Why I Don't Vote—But Don't Take It Away From Me

This is why I don't vote: Probability Your Vote Will Make A Difference. These guys calculate that your vote has a one in ten million shot at swinging the presidential election if you live in New Mexico, New Hampshire, Virginia or Colorado. Well, I live in New York, and even if I lived in those states, I wouldn't spend even fifteen minutes doing something that had a one in ten million chance of making a difference.

Economically speaking, I'm one of those people who believes that voting is completely irrational. although I'd be one of the first people to start throwing rocks and putting up barricades if my right to vote was ever taken away. Just because I never use my toaster-oven, that doesn't mean I don't appreciate having it around. In practice your vote really can't be decisive, even in an election for local dog catcher, because if it comes within one vote they'll call for a recount and the total will likely change.

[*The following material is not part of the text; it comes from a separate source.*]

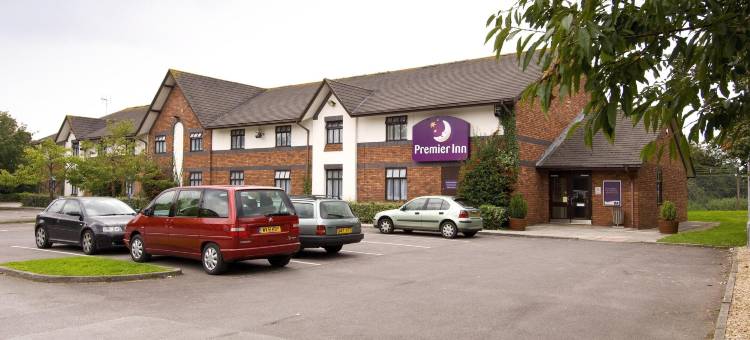 汤顿东普瑞米尔酒店(Premier Inn Taunton East)图片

Some people have good polling places where they can vote quickly, some people have to wait in line for hours. Either way it's time wasted. Time you could be using to work and make money, time you could be using to do something fun. In other words, time is precious and you shouldn't squander yours by exercising your civic duty.

Now maybe you get a kick out of being a good citizen, and in that case you're most likely beyond help. Maybe you care about politics, but that's no reason to vote. I care about politics, it's why I donate to candidates because money actually makes a difference. Great system we have, isn't it? I used to volunteer when I was younger and more idealistic—think high school.